Myelofibrosis Market to Reach USD 5.36 Billion by 2034
Get a Sneak Peek at the Latest myelofibrosis market size Report
The Myelofibrosis market in the seven major markets is poised for strong growth, rising from USD 2,602 million in 2025 to USD 5,638 million by 2034, reflecting a CAGR of 9% during the forecast period.
In 2024, the total market size stood at approximately USD 2.2 billion, with the US leading at around USD 1.7 billion, far ahead of the EU4, UK, and Japan.
JAK inhibitors remain the cornerstone of treatment, led by JAKAFI/JAKAVI (ruxolitinib), which accounted for roughly USD 1.5 billion in 2024. Other key JAK inhibitors include INREBIC, VONJO, and OJJAARA, each with distinct mechanisms of action targeting various molecular pathways. While JAKAFI continues to dominate the market, patent expirations in 2027-2028 for Novartis and Incyte are expected to create both challenges and opportunities. To sustain its market share, Incyte is exploring combination therapies to extend JAKAFI’s clinical lifespan.
Emerging drugs such as imetelstat (a telomerase inhibitor), navtemadlin (an MDM2 inhibitor), and pelabresib (a BET inhibitor) are being developed to address unmet needs, particularly for patients unresponsive to JAK inhibitors.
Future growth will be driven by innovative therapies, especially those targeting lower-risk patients, novel first-line or combination treatments, and drugs addressing cytopenia management, which remains a significant unmet clinical need.
Key Myelofibrosis Companies include Lynk Pharmaceuticals, Samus Therapeutics, Taiga Biotechnologies, Bristol-Myers Squibb, Sumitomo Pharma Oncology, Inc., Keros Therapeutics, Inc., Galecto Biotech AB, Actuate Therapeutics Inc., Karyopharm Therapeutics, AbbVie, Sierra Oncology, and others.
According to DelveInsight’s latest report, “Myelofibrosis Market Insights, Epidemiology, and Market Forecast–2034,” the global Myelofibrosis market is set to experience remarkable growth over the next decade.
Growing Burden of Myelofibrosis
Myelofibrosis is a rare bone marrow disorder where abnormal blood cell production leads to scarring in the bone marrow, hindering normal blood formation.

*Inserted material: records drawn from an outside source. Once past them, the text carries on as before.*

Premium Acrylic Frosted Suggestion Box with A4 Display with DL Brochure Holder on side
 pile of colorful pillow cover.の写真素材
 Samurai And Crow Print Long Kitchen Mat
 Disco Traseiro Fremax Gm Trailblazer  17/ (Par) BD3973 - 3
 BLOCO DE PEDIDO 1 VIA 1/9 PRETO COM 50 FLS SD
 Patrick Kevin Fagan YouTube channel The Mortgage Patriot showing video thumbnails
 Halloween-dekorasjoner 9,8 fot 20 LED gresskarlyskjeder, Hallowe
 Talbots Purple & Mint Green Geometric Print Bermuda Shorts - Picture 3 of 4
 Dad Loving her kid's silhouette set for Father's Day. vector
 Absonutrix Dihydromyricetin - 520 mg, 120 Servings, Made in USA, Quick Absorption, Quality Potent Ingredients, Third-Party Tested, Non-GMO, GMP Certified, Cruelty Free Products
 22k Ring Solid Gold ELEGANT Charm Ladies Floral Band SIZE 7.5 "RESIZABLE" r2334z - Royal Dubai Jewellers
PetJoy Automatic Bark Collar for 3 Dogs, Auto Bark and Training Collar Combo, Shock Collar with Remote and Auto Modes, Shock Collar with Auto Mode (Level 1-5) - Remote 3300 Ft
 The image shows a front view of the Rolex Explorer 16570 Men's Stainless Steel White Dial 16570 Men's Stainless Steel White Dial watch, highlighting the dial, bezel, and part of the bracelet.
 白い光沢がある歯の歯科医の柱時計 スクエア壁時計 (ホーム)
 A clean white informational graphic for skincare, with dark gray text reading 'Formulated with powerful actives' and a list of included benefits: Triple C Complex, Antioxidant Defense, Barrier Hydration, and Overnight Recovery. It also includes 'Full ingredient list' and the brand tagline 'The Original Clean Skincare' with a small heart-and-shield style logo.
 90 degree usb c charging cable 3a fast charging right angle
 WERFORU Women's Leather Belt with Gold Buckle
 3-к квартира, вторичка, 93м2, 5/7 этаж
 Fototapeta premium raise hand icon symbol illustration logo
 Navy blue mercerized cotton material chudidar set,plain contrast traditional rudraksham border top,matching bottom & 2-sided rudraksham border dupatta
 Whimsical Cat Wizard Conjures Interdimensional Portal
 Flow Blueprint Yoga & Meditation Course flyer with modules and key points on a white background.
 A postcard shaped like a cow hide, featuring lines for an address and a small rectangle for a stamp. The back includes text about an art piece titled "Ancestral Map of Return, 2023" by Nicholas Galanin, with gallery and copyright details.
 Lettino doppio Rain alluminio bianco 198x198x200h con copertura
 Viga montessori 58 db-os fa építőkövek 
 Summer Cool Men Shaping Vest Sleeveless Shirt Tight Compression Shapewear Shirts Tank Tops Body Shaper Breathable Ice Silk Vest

This results in anemia, fatigue, and an enlarged spleen. The disease primarily affects older adults and can either occur on its own or develop from other bone marrow disorders such as polycythemia vera or essential thrombocythemia.
In 2024, the total prevalence of myelofibrosis in the seven major markets (7MM)-the United States, EU4 (Germany, France, Italy, and Spain), the United Kingdom, and Japan-was estimated at approximately 55,900 cases, a number expected to rise steadily through 2034. Within these markets, the United States accounted for the largest share, valued at USD 1,700 million, outpacing the EU4, the UK, and Japan.
The report also notes that high-risk patients formed the largest group of diagnosed cases in the U.S. in 2024. Additionally, patients aged 70 and above represented the highest age segment, with an estimated 12,100 cases in this group alone.
Key Myelofibrosis Market Drivers
The steady increase in Myelofibrosis cases is being driven by a combination of factors-aging populations, rising disease awareness, improved diagnostic methods, and the ongoing development of advanced therapies.
Key drivers include:
- Increased R&D investment focused on discovering targeted and disease-modifying therapies.
- Development of biological and immunotherapy approaches aimed at addressing unmet clinical needs.
- Expansion of treatment options beyond JAK inhibitors, targeting different mechanisms of action.
Myelofibrosis Market Outlook and Leading Therapies
Currently, JAKAFI/JAKAVI (ruxolitinib) from Incyte and Novartis remains the gold standard treatment for Myelofibrosis. In 2024, it accounted for the largest market share, valued at around USD 1,500 million in the 7MM. The demand for JAKAFI continues to grow due to its established efficacy in symptom management and spleen size reduction.
Other key Myelofibrosis marketed therapies include:
- INREBIC (fedratinib) – Bristol Myers Squibb
- XPOVIO (selinexor) – Karyopharm Therapeutics
- RYTELO (imetelstat) – Geron Corporation
- REBLOZYL (luspatercept) – Bristol Myers Squibb
- Navtemadlin (KRT-232) – Kartos Therapeutics
Myelofibrosis Emerging therapies are also poised to transform the treatment landscape. Promising Myelofibrosis drug candidates such as Pelabresib (Novartis), Bomedemstat (Merck), TL-895 (Telios Pharma), and TP-3654 (Syntara) are in advanced clinical stages and may help address patients unresponsive to current therapies.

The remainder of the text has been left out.